*** DATASET SECTION Section Begins ***

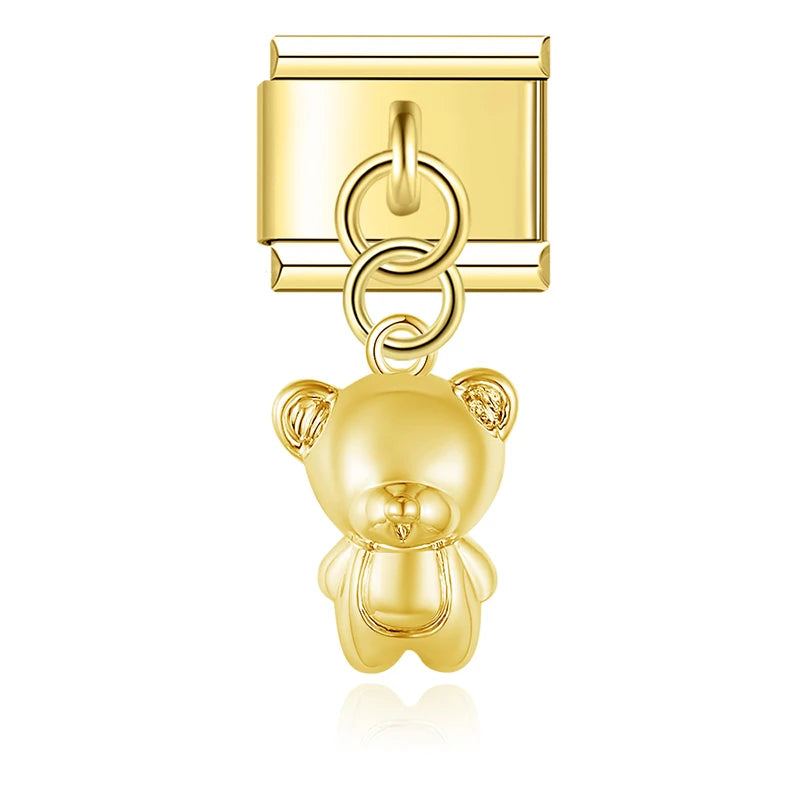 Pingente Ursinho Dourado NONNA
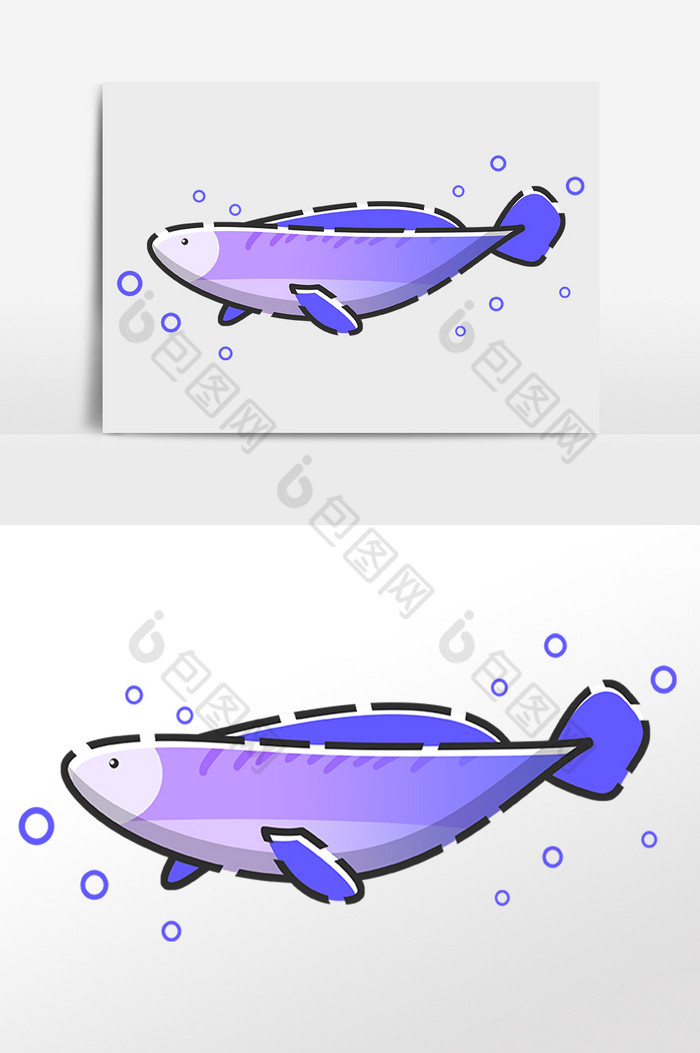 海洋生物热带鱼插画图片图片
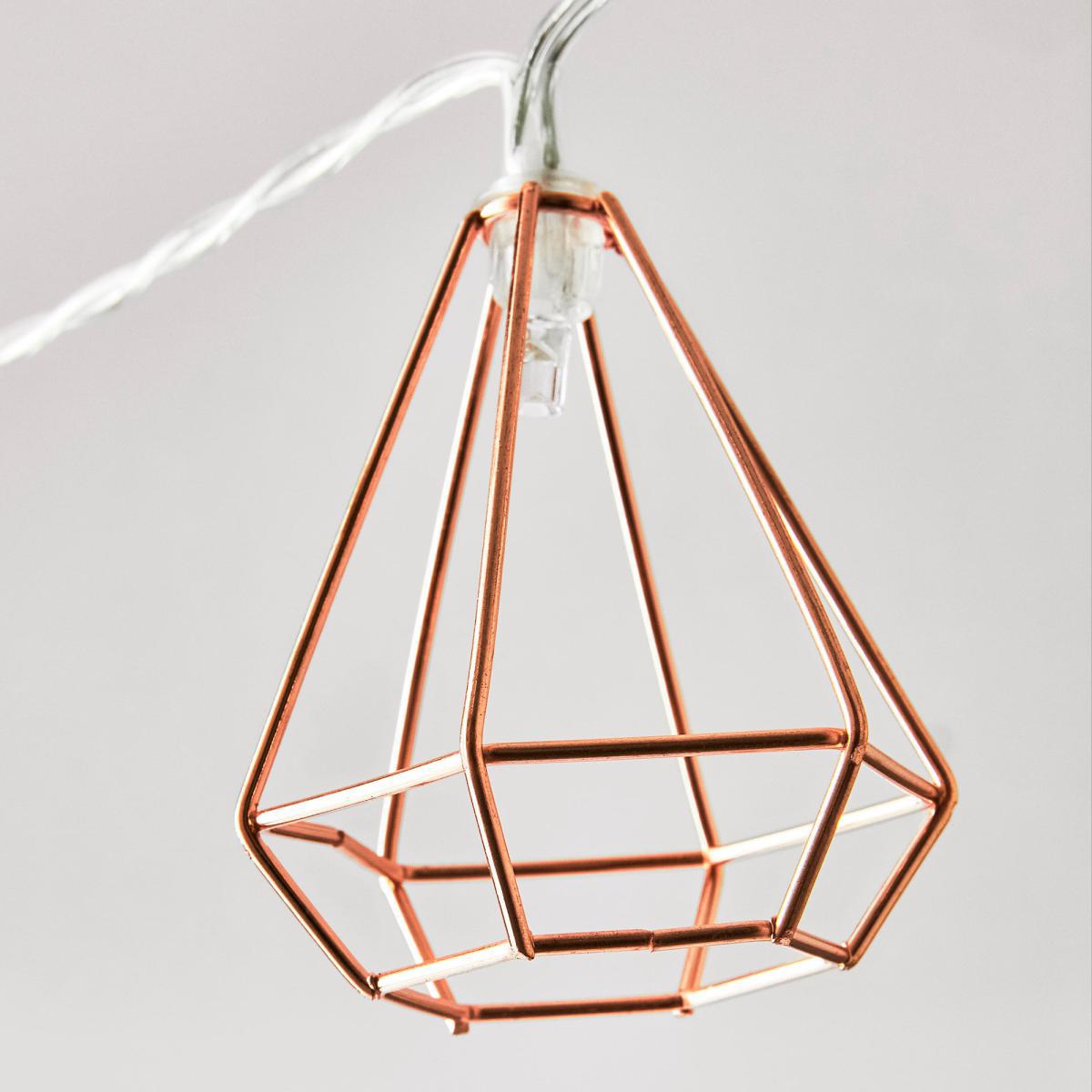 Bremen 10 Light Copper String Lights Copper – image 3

*** DATASET SECTION Section Ends ***

EXERCISE DETAILS:
Please give back the data above word for word, with no pictures included.

TASK RESULT:
 Pingente Ursinho Dourado NONNA
 海洋生物热带鱼插画图片图片
 Bremen 10 Light Copper String Lights Copper – image 3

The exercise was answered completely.